Sam,

I offer the following horror story from the many I have witnessed over the years:

We designed a plant that had three, nearly-identical units. The units were to be built in sequence. Unit 1 was to be built and put into service. Unit 2 was to be constructed a year-or-so later, and Unit 3 was to follow a year after Unit 2. Each unit contained a hot line connected at each end to equipment nozzles. I don’t remember the temperature details but I recall that the line was a special alloy about 24” diameter. Analysis was performed for the line on Unit 1. For reasons that were never determined the analysis did not appear to have been checked.

By the time the equipment for Unit 2 was procured the design of some of the equipment had changed necessitating a minor alteration to the line in question. A second engineer made appropriate adjustments to the initial analysis and in doing so uncovered a major error: The nozzle moment allowables given by one of the equipment vendors had been given in inch-pounds; the analyst had taken these to be foot-pounds. The result, of course, was that the nozzle on Unit 1 was seriously overloaded. The engineering company had to confess the error to the client and, at its own expense, redo the line for Unit 1 and replace it during a shutdown.

Unit 3 turned out to be identical to Unit 2 so the line was constructed and installed per the Unit 2 design. The construction manager wanted approval to buy the spring hangers. Due to the confusion associated with the previous analyses and some dubious record keeping there was some doubt as to what springs were required. A third engineer was asked to review the earlier work and determine the appropriate hangers. In doing so he noticed an additional error: The vendor allowables for the second nozzle were resultant values. Both the previous analyses had assumed that these values were actual allowables for each degree of freedom. (To clarify: The vendor had provided maximum values of FR and MR; the analyses had assumed that the value of FR was the max allowable for FX, FY and FZ and the value of MR was the max for MX, MY and MZ.)

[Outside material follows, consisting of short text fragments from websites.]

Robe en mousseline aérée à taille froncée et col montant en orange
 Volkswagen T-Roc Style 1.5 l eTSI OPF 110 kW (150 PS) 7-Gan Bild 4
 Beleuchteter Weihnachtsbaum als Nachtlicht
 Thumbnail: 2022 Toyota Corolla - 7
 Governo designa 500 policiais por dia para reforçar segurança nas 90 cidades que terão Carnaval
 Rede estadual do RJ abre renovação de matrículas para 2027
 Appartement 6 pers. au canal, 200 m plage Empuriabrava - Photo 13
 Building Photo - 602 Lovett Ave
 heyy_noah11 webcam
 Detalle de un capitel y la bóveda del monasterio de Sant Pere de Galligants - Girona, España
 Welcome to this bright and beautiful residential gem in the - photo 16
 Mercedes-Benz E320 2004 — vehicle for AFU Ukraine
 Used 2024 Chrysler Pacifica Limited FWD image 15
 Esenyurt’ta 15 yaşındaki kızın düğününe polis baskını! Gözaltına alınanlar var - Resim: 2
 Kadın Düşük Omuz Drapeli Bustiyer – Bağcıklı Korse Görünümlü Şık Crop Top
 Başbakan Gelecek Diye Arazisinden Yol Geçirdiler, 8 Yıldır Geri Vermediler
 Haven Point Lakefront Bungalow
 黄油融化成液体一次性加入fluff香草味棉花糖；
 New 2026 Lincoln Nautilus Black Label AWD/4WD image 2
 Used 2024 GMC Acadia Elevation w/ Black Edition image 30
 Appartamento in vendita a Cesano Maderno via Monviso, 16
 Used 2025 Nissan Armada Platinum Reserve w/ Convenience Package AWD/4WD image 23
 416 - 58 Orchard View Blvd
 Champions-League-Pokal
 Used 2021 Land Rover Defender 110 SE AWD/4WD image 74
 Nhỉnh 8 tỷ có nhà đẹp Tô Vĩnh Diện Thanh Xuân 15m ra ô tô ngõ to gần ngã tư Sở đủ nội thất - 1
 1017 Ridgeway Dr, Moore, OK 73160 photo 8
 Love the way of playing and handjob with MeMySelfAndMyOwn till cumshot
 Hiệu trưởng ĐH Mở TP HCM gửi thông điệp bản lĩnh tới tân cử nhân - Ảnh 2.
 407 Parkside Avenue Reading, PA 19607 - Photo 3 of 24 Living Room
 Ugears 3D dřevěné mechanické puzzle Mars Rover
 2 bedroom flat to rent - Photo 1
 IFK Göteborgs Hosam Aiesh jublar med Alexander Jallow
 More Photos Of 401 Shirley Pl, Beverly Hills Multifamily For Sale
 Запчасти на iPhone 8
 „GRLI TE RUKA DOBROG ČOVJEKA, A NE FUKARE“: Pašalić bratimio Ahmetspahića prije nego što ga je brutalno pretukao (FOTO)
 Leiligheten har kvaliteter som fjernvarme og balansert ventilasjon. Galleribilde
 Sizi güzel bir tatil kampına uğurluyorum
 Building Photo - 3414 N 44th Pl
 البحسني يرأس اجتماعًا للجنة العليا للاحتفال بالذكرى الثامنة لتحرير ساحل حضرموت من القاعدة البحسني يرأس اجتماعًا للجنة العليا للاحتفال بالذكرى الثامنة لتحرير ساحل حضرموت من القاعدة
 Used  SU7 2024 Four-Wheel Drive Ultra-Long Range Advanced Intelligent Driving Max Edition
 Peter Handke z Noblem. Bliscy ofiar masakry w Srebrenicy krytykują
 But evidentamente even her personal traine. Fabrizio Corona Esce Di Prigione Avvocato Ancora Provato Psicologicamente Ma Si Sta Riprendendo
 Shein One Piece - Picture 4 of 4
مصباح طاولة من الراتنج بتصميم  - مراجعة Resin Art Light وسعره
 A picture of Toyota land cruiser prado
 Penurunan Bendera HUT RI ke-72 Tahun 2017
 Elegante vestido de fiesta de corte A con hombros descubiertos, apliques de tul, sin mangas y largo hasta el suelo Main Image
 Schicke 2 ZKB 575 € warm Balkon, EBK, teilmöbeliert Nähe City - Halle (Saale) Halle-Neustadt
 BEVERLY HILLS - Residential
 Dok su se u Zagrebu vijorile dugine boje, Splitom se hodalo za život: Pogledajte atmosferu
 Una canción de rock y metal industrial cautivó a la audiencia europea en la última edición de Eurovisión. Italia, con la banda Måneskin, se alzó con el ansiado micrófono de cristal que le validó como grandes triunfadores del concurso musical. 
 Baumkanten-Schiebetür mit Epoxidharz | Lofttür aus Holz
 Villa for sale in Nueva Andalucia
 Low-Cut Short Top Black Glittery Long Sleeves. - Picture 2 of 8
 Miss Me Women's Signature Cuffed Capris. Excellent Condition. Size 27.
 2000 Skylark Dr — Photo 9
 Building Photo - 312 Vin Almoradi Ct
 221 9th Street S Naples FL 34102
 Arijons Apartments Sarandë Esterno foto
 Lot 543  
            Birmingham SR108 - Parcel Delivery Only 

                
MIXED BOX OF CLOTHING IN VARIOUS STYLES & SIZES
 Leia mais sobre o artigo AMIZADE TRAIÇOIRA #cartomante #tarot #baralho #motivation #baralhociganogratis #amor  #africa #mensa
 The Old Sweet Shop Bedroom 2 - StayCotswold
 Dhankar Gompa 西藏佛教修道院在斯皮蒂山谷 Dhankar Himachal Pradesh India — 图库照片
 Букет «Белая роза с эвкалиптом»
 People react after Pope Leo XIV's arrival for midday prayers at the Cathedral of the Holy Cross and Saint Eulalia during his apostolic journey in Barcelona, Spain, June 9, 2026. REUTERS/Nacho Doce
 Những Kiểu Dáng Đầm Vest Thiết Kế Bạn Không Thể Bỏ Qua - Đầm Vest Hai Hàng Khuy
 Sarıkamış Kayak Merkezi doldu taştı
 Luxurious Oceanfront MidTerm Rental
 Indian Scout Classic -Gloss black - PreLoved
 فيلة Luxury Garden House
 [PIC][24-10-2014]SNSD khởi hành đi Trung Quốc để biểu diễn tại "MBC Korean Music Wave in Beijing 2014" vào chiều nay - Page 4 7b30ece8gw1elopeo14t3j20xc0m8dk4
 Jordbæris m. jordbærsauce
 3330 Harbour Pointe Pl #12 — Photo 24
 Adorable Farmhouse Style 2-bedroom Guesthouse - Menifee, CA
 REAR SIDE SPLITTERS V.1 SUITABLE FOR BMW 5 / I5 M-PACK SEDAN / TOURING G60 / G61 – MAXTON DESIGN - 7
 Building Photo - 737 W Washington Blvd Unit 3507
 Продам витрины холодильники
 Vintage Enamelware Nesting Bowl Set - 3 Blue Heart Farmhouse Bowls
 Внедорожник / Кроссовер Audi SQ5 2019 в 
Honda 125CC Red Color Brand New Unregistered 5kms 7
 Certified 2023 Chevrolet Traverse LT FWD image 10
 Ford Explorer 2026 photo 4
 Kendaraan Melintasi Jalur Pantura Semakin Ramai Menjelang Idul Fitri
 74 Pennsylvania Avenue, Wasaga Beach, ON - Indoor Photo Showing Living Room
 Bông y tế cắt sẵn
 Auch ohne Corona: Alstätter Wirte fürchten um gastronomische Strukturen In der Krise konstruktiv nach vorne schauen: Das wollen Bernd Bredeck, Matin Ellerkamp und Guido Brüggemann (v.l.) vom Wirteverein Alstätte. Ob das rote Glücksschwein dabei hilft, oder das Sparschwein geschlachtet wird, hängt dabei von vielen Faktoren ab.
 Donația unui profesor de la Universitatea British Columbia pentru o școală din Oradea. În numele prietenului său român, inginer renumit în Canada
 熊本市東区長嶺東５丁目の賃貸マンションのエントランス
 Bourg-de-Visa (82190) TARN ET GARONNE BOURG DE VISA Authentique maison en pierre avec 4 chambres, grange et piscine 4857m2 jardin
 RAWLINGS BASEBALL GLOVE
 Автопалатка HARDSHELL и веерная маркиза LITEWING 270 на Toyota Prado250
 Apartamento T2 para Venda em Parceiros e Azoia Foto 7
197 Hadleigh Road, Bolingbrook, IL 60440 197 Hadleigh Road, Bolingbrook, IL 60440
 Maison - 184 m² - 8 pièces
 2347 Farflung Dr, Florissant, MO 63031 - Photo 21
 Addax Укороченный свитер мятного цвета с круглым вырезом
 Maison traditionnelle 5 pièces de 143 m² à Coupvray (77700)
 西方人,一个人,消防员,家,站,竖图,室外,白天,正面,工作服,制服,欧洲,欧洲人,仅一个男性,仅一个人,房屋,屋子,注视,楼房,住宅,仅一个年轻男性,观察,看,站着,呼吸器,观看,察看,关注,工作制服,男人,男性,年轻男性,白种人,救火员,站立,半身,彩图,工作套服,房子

It was never determined how the original analysts made such a blatant mistake. In part the problem may be attributed to the modern trend to get the maximum amount of work from the minimum number of staff. Certainly, the engineering company in question had enlisted personnel from at least four different offices during the course of the various analyses. In fact, after the last error was discovered, the line was sent to yet another office for re-analysis! Another cause may have been late acquisition of vendor data or some confusion in the transmit ion of the information. There was some evidence that the first engineer (possibly, “engineers!” since it was unclear whether the initial work had been started and finished by the same person) had sent more than one email and a few phone calls requesting the nozzle allowables. The final result, however, was that the engineering company had to go back to the client a second time and replace both the Unit 1 and Unit 2 piping with a third design, incorporating new springs and expansion joints.

I conclusion I think the following lessons-learned can be drawn from this story:

(1) Inadequate staffing caused work overload and consequent errors.

(2) Record keeping was inadequate possibly due to the work overloads.

(3) Proper checking must always be performed before the work is approved for construction.

(4) The checking package should be retained along with any vendor information used.

(5) On critical systems a second check should be considered.

(6) Checkers should be appropriately trained and experienced individuals and the results of the check should be communicated to the original analysts.